Depression for me felt like a roller coaster. Highs, lows, twists, and turns. My depression felt like I was numb to emotion. I couldn’t feel a single thing. It felt like I was sinking deeper into a black hole each and every day.

My depression started becoming severe in the winter of 2017, my eighth grade year. It felt like everything was going wrong. My father was abusive, both mentally and physically, and people were coming and going. I even went from an honor roll student to a girl who was not going to be promoted to her freshman year.

As my grades started dropping, my anxiety began to worsen. My A’s went to F’s in a matter of days. Every single day I was afraid to go home to my father, especially as my grades dropped. I thought so many times about running away.

I didn’t feel like I mattered in the world; I felt I had no purpose to live. As things got worse with my abusive father, I started self-harming as well as self-medicating to “numb the pain.” As my father worked night shifts and my brother was always working, I was always alone, with nobody to talk to about what I was doing to myself. I began stealing his liquor and began getting drunk to numb the pain every single night, going to school with a massive hangover, and then doing it all over again.

Two months later, nothing had changed. If anything, I was worse. I could barely walk from the cuts going down my thigh. I was still self-medicating, and my grades were still F’s. I felt so alone.

One day I went home and I told myself I couldn’t take it any longer. I went into the pill cabinet and grabbed some random prescription pills. I went into the bathroom and tried to take all of the pills in the bottle. I took so many at the same time that, thankfully, I threw them all up. But at the time I wasn’t thankful though. I cried and screamed, asking why I couldn’t just go.

When my third-quarter grades came out, I knew if I went home things would’ve gotten really bad between my father and me. I told him I was leaving for a couple of days. He then yelled at me, telling me to never come back. He said I wasn’t allowed back into the house.

I went to live with my mother. That summer I was still depressed, and still self-harming. I started “partying” — drinking and smoking every single day for almost the whole summer. I had lost interest in everything I loved. Nothing was important to me anymore.

When I started my freshman year, of course I went in with a negative mindset. Once again, right off the bat, my grades dropped. I was severely depressed.

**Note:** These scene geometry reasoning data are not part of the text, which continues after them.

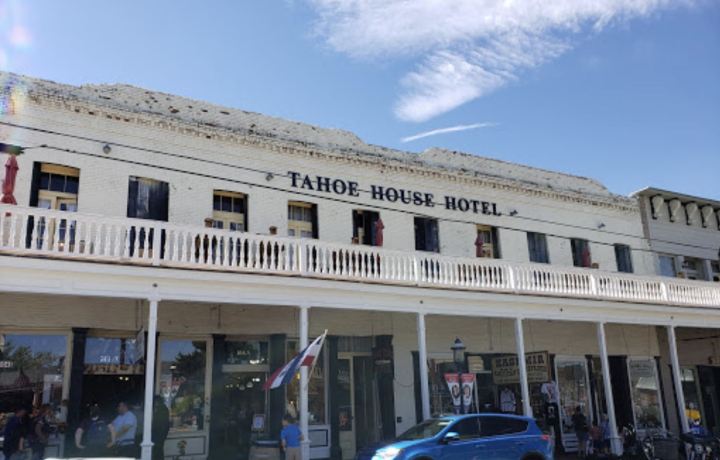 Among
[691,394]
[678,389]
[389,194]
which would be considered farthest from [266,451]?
[691,394]

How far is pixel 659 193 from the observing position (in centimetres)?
2502

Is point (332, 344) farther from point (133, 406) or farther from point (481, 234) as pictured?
point (481, 234)

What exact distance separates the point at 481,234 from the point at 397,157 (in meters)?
3.94

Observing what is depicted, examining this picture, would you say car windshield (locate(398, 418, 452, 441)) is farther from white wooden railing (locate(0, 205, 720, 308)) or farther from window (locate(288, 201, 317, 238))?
window (locate(288, 201, 317, 238))

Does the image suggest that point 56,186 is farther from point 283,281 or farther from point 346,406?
point 346,406

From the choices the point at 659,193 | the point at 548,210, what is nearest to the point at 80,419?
the point at 548,210

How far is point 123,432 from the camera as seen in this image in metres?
13.2

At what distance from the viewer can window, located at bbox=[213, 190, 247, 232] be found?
16.7 meters

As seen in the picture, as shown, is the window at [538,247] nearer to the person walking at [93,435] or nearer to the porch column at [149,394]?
the porch column at [149,394]

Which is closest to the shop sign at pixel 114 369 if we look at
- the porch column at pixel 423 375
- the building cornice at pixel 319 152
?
the building cornice at pixel 319 152

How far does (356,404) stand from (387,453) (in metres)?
6.15

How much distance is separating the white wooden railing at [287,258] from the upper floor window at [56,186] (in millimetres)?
887

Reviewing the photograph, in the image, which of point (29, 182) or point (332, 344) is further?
point (332, 344)

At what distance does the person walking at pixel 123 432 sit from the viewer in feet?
42.8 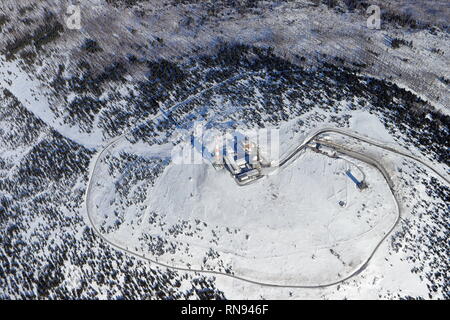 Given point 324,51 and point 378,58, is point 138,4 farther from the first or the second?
point 378,58

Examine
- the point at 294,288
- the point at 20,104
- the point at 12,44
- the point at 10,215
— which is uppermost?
the point at 12,44

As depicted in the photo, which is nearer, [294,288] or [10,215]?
[294,288]

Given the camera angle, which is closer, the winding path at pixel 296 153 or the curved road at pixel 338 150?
the curved road at pixel 338 150

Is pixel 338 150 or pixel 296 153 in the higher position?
pixel 296 153

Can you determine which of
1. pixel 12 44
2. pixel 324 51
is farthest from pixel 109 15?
pixel 324 51

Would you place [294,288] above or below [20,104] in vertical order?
below

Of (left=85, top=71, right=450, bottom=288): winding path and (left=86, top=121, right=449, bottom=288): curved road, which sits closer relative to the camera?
(left=86, top=121, right=449, bottom=288): curved road

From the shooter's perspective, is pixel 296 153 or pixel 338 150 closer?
pixel 296 153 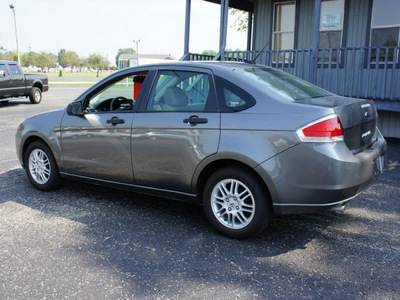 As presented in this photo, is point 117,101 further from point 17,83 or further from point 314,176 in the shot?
point 17,83

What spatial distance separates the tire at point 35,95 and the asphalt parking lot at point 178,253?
48.9ft

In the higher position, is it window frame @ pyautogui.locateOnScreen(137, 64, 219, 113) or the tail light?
window frame @ pyautogui.locateOnScreen(137, 64, 219, 113)

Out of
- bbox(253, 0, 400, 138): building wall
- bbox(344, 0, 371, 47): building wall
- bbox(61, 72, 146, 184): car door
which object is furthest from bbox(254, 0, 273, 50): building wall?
bbox(61, 72, 146, 184): car door

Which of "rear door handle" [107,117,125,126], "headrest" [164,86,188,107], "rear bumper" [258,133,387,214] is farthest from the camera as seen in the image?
"rear door handle" [107,117,125,126]

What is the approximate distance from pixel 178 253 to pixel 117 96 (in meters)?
2.41

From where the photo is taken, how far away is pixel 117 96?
16.9 feet

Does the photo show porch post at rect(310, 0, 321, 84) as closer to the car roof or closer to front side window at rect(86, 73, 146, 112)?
the car roof

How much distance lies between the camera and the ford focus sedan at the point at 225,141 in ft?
11.2

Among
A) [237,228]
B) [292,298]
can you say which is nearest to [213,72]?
[237,228]

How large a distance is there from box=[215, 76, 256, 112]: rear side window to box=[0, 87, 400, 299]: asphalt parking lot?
4.20 ft

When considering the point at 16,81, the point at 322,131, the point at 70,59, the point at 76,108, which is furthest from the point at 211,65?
the point at 70,59

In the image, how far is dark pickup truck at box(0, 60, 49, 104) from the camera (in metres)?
17.1

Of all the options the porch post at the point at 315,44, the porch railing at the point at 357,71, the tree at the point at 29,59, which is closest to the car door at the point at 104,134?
the porch railing at the point at 357,71

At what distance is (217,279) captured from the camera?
312cm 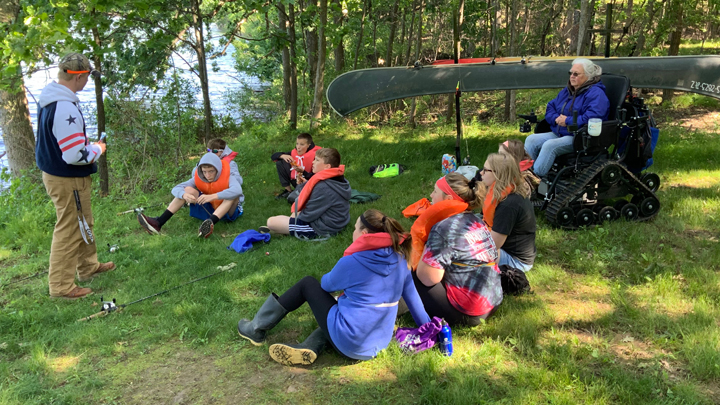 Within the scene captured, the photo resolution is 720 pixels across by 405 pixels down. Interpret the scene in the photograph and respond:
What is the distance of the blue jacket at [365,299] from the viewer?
302 cm

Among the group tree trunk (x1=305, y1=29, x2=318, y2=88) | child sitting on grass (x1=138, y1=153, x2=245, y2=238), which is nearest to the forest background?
child sitting on grass (x1=138, y1=153, x2=245, y2=238)

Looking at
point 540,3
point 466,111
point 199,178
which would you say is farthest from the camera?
point 540,3

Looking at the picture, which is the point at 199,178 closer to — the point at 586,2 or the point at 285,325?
the point at 285,325

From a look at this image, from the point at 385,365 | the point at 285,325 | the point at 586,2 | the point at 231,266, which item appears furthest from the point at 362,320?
the point at 586,2

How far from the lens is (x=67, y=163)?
4203 millimetres

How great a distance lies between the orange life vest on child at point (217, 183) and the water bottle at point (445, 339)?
12.5 ft

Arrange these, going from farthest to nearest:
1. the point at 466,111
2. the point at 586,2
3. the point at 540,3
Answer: the point at 540,3, the point at 466,111, the point at 586,2

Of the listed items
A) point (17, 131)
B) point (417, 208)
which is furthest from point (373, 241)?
point (17, 131)

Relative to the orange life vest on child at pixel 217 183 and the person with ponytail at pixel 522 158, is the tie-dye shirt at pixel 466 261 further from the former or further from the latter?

One day, I had a severe breakdown. I explained to my mom that I couldn’t do it anymore, that I wanted to die. I begged her to take me to the hospital because if she didn’t, I would end up hurting myself again.

She took me to the hospital that day and they put me in the mental health holding area. They had me change into blue scrubs and did a two-hour evaluation on me. The crisis therapist decided to send me to Mesilla Valley Hospital in Las Cruces for treatment.

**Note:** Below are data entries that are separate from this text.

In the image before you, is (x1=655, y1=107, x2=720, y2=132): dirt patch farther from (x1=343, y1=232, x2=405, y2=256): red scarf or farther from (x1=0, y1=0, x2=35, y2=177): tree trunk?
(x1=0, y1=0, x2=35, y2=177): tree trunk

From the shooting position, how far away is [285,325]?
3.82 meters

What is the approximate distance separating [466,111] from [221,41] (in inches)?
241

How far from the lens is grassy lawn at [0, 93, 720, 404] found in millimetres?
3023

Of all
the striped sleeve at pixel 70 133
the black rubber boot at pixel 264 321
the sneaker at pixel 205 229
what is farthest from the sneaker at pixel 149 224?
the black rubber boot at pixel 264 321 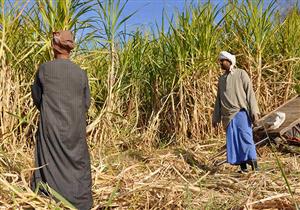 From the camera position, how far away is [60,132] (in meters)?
2.96

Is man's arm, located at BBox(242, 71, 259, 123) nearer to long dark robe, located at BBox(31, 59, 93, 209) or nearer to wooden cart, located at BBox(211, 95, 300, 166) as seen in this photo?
wooden cart, located at BBox(211, 95, 300, 166)

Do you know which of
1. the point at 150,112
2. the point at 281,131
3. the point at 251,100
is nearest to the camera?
the point at 251,100

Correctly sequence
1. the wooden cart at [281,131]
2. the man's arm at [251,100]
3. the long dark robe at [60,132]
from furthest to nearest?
the wooden cart at [281,131], the man's arm at [251,100], the long dark robe at [60,132]

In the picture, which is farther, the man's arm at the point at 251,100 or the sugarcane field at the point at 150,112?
the man's arm at the point at 251,100

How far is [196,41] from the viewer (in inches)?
234

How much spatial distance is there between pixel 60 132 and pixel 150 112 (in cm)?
351

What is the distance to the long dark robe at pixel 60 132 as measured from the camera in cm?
295

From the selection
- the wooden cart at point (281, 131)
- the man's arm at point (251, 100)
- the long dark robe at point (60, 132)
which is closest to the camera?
the long dark robe at point (60, 132)

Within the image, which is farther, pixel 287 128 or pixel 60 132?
pixel 287 128

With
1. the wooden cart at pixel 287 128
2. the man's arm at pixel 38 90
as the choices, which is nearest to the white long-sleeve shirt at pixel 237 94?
the wooden cart at pixel 287 128

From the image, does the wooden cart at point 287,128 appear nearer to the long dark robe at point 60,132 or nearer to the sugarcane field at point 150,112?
the sugarcane field at point 150,112

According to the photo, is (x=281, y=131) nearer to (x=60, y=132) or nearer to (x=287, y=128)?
(x=287, y=128)

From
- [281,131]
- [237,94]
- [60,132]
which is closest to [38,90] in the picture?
[60,132]

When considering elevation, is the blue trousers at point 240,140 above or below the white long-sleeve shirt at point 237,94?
below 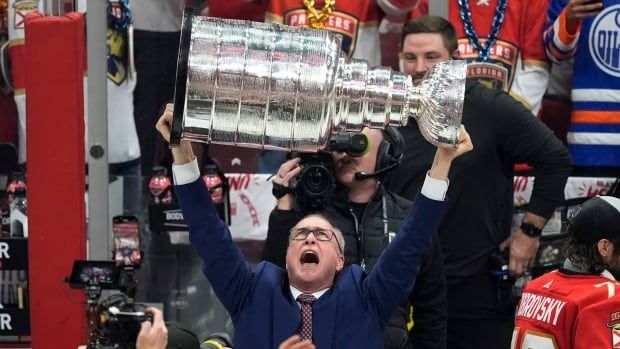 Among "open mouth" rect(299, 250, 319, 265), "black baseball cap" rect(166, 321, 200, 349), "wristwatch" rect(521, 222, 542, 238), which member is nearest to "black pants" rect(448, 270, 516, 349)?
"wristwatch" rect(521, 222, 542, 238)

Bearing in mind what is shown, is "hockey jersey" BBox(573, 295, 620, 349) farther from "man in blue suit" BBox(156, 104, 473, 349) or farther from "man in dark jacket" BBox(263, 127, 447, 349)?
"man in dark jacket" BBox(263, 127, 447, 349)

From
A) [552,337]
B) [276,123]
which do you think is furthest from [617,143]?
[276,123]

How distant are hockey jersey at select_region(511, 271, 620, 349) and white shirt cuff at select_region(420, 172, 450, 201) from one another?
437 millimetres

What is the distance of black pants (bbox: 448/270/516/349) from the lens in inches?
182

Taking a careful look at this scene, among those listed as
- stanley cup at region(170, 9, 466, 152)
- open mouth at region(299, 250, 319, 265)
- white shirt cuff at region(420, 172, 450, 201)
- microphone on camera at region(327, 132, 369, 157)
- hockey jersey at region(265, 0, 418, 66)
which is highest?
hockey jersey at region(265, 0, 418, 66)

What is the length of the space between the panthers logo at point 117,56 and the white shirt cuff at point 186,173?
6.78 feet

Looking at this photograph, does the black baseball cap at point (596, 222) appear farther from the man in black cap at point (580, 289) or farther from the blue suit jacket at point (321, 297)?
the blue suit jacket at point (321, 297)

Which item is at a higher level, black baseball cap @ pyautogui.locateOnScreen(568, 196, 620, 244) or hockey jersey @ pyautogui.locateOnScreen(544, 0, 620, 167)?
hockey jersey @ pyautogui.locateOnScreen(544, 0, 620, 167)

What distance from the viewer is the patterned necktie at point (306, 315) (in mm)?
3404

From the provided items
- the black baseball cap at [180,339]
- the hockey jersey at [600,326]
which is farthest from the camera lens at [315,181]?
the hockey jersey at [600,326]

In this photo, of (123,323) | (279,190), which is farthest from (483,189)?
(123,323)

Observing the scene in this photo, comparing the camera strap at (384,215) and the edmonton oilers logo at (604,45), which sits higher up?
the edmonton oilers logo at (604,45)

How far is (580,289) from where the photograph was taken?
3.39 metres

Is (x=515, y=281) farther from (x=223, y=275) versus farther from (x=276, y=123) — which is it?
(x=276, y=123) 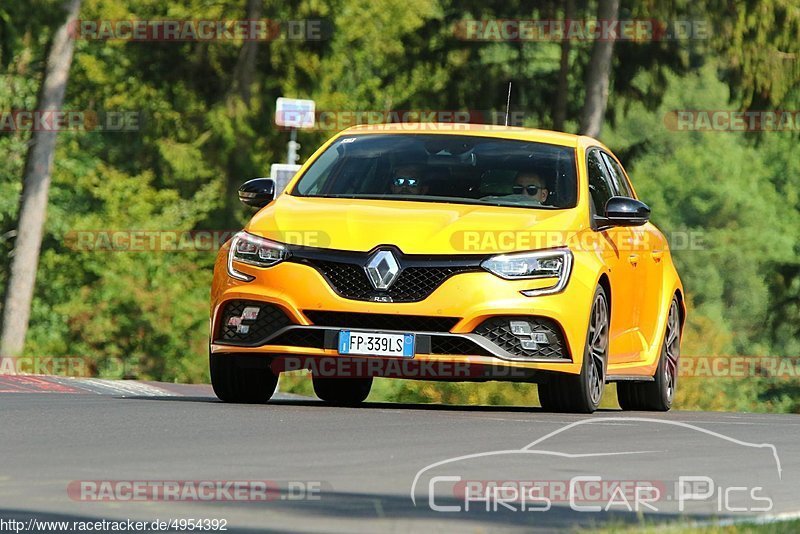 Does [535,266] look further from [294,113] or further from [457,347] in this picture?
[294,113]

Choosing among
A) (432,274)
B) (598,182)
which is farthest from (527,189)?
(432,274)

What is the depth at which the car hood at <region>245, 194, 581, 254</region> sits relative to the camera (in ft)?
40.1

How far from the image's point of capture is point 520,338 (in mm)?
12375

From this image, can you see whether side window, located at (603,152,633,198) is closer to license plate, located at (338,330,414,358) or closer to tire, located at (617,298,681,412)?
tire, located at (617,298,681,412)

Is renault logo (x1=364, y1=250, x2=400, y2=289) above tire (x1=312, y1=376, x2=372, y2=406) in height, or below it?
above

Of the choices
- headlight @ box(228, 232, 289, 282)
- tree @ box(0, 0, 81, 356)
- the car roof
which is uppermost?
the car roof

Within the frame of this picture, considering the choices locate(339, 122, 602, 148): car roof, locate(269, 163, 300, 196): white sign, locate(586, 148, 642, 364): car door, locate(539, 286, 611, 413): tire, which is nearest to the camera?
locate(539, 286, 611, 413): tire

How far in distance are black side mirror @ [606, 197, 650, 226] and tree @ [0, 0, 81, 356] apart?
809 inches

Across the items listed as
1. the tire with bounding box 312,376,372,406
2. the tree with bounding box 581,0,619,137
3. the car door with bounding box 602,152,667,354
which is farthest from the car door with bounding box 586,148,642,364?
the tree with bounding box 581,0,619,137

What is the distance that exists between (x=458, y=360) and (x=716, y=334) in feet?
189

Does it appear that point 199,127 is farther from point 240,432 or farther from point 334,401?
point 240,432

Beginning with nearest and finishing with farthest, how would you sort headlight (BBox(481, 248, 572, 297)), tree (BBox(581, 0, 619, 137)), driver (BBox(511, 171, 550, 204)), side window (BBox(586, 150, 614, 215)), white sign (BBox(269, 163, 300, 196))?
headlight (BBox(481, 248, 572, 297)), driver (BBox(511, 171, 550, 204)), side window (BBox(586, 150, 614, 215)), white sign (BBox(269, 163, 300, 196)), tree (BBox(581, 0, 619, 137))

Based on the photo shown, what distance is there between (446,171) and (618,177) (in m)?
2.43

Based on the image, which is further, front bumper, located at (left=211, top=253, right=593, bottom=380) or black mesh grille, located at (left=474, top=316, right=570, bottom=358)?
black mesh grille, located at (left=474, top=316, right=570, bottom=358)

I waited at St. Vincent’s for two days until they got me a bed at Mesilla Valley. An ambulance came to pick me up and took me to Las Cruces. By the time I got there, it was late. They did another two-hour evaluation on me, searched my things, and sent me off to my room.

The next day I met the other kids around my age who were there for similar problems. I spent a week in treatment — in groups, with therapists, with psychiatrists, getting used to the medications they gave me, and doing activities that showed me how to cope with what I was going through.

After a week they let me go home. It took some time to adjust to being back home. After a while I started feeling happier, more energetic, and feeling like myself again. But I still had a rough time trying to find the right medications that made me feel like myself.

I moved schools, started fixing my grades, and started taking care of myself. I studied harder than ever, I slept less during the day, I started having a positive mindset, and as soon as I woke up in the morning, I told myself it was going to be a good day.

It’s a year later now. I’m off my medications, focusing on school, spending time with family, working, and focusing on self love. I have finally learned how to love myself again. I haven’t harmed myself for a year now or felt suicidal for a long time.

No matter how tough things get it’s always okay to ask for help. Nobody is able to do it alone, and things will get better.